(Image-text web data)
-----
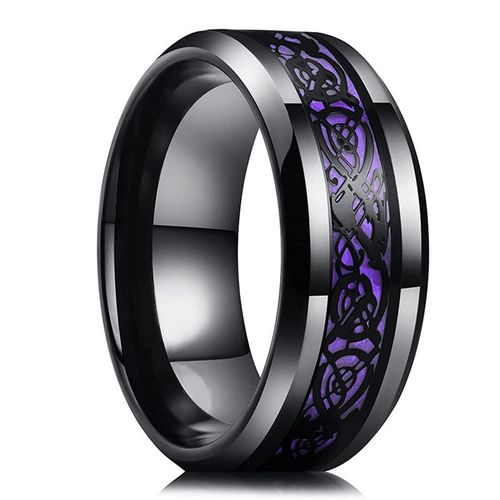 Bagues Dragon Celtique En Acier Inoxydable Pour Hommes, 8mm, Incrustation, Violet En Fiber De Carbone, Bracelet De Mariage, Bijoux Cadeau, Vente En Gros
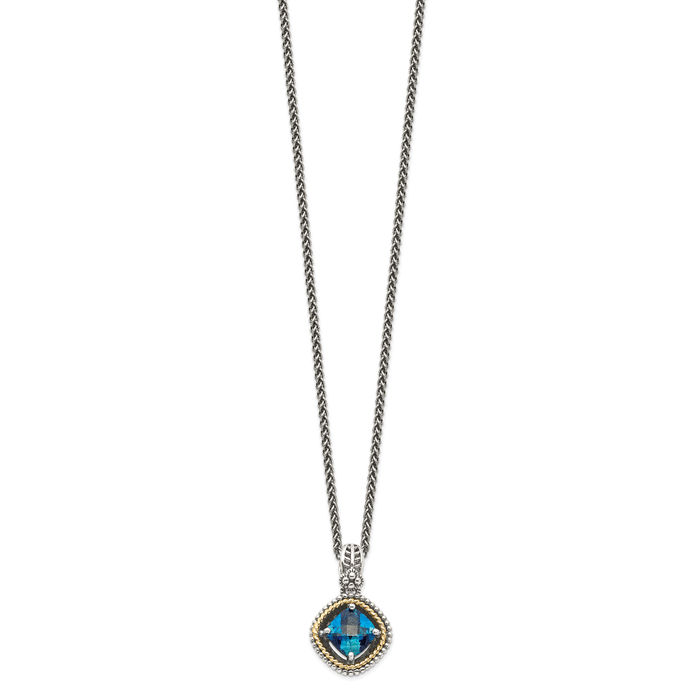 925 Sterling Silver Vintage Cushion-Cut London Blue Topaz Necklace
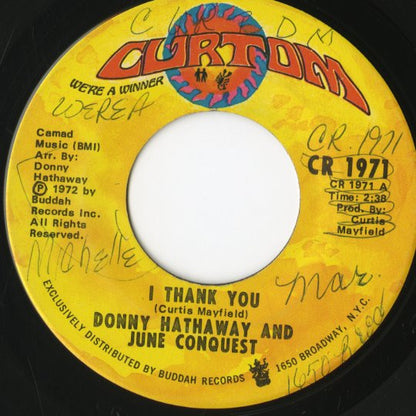 Donny Hathaway And June Conquest / ダニー・ハサウェイ　ジューン・コンクウェスト / I Thank You / What's This I See -7 (CR 1971)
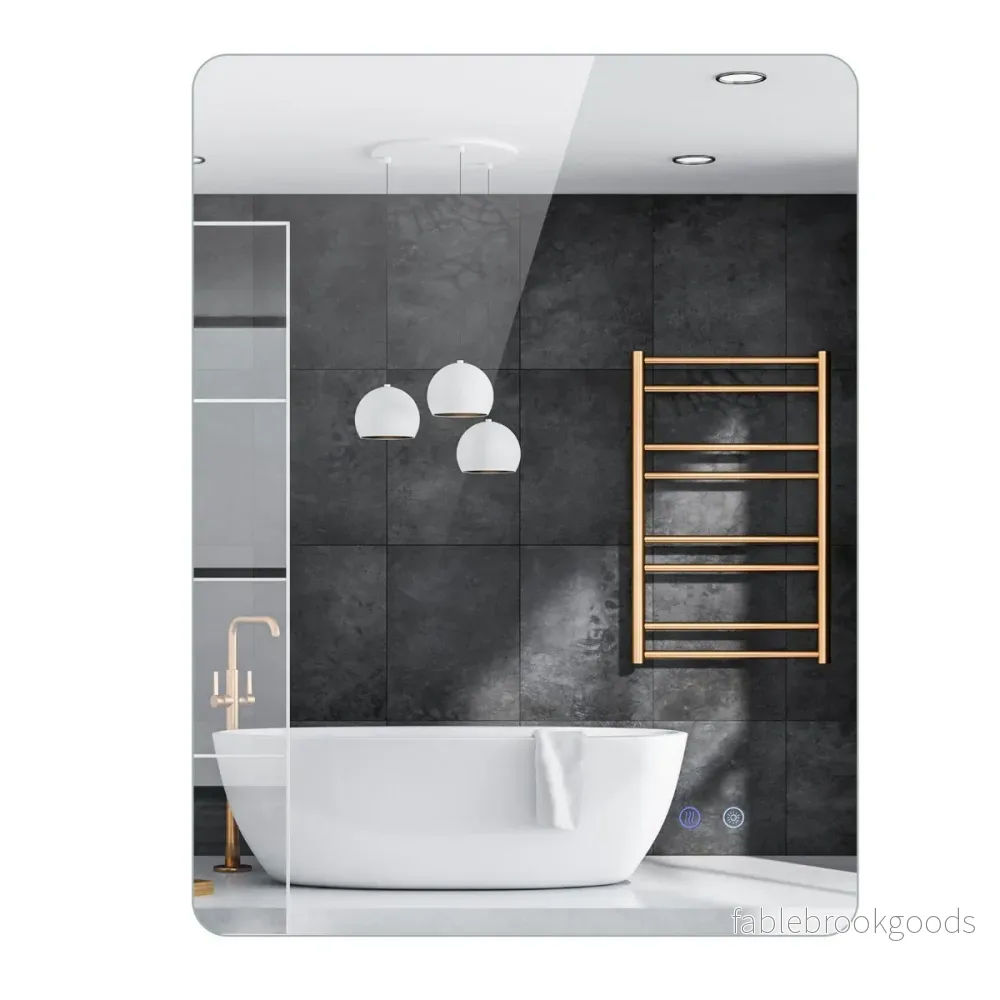 Rektangulär – LED belyst Spegel Väggmonterad – 80 x 60 cm – Silver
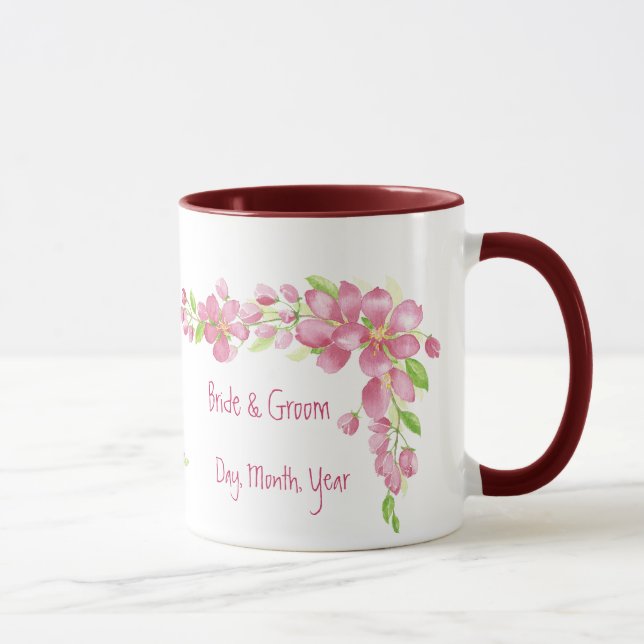 Vintage Cherry Blossom Save the Date Wedding Mug (Right)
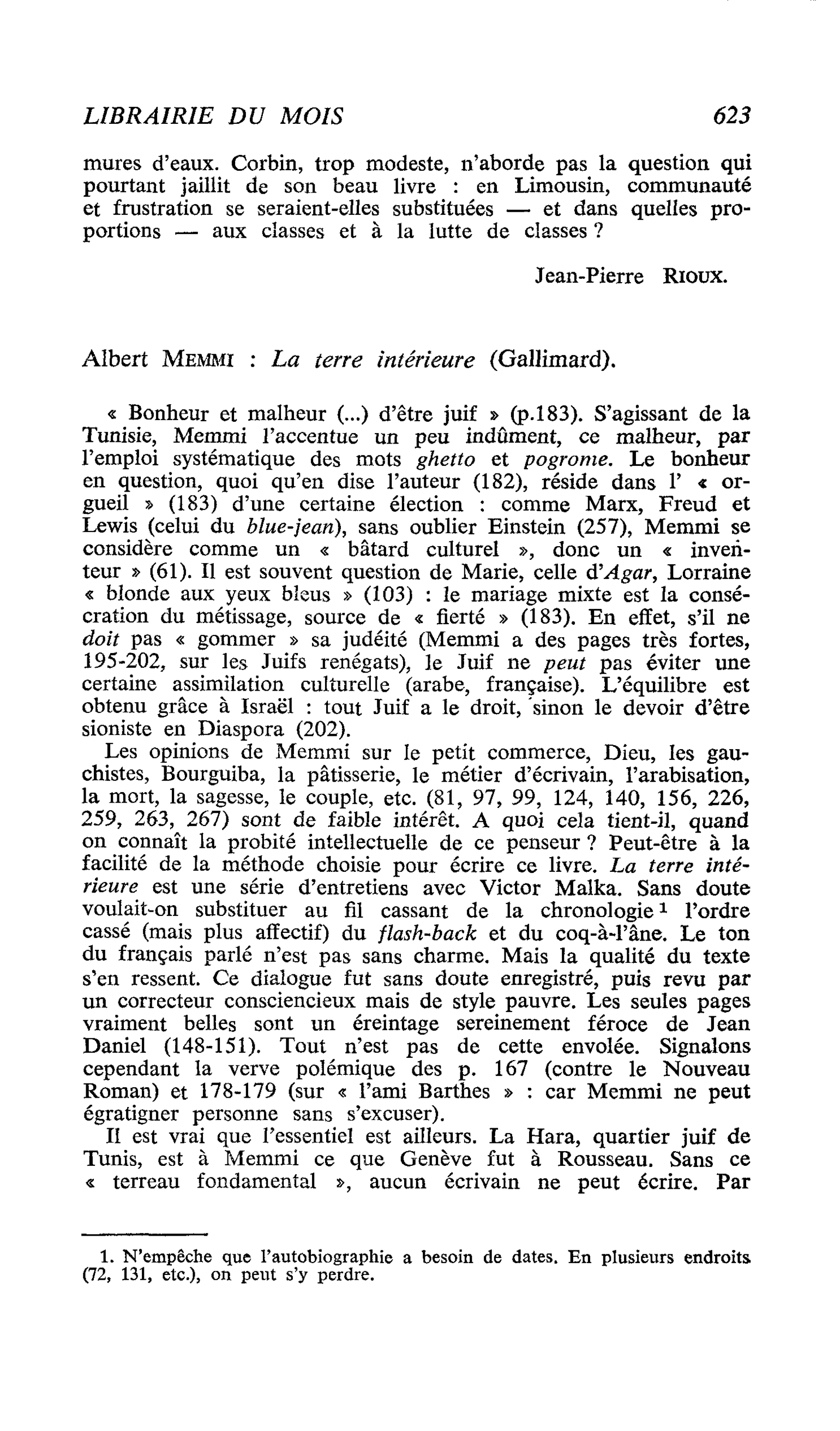 Albert Memmi : La terre intérieure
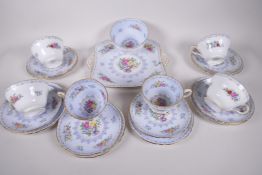 A Shelley 'Crochet' pattern six place tea service comprising six cups and saucers, 6" plates, a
-----
#### Directions
Type the entries again verbatim. Any pictures should be skipped.

#### Output below
 Bagues Dragon Celtique En Acier Inoxydable Pour Hommes, 8mm, Incrustation, Violet En Fiber De Carbone, Bracelet De Mariage, Bijoux Cadeau, Vente En Gros
 925 Sterling Silver Vintage Cushion-Cut London Blue Topaz Necklace
 Donny Hathaway And June Conquest / ダニー・ハサウェイ　ジューン・コンクウェスト / I Thank You / What's This I See -7 (CR 1971)
 Rektangulär – LED belyst Spegel Väggmonterad – 80 x 60 cm – Silver
 Vintage Cherry Blossom Save the Date Wedding Mug (Right)
 Albert Memmi : La terre intérieure
 A Shelley 'Crochet' pattern six place tea service comprising six cups and saucers, 6" plates, a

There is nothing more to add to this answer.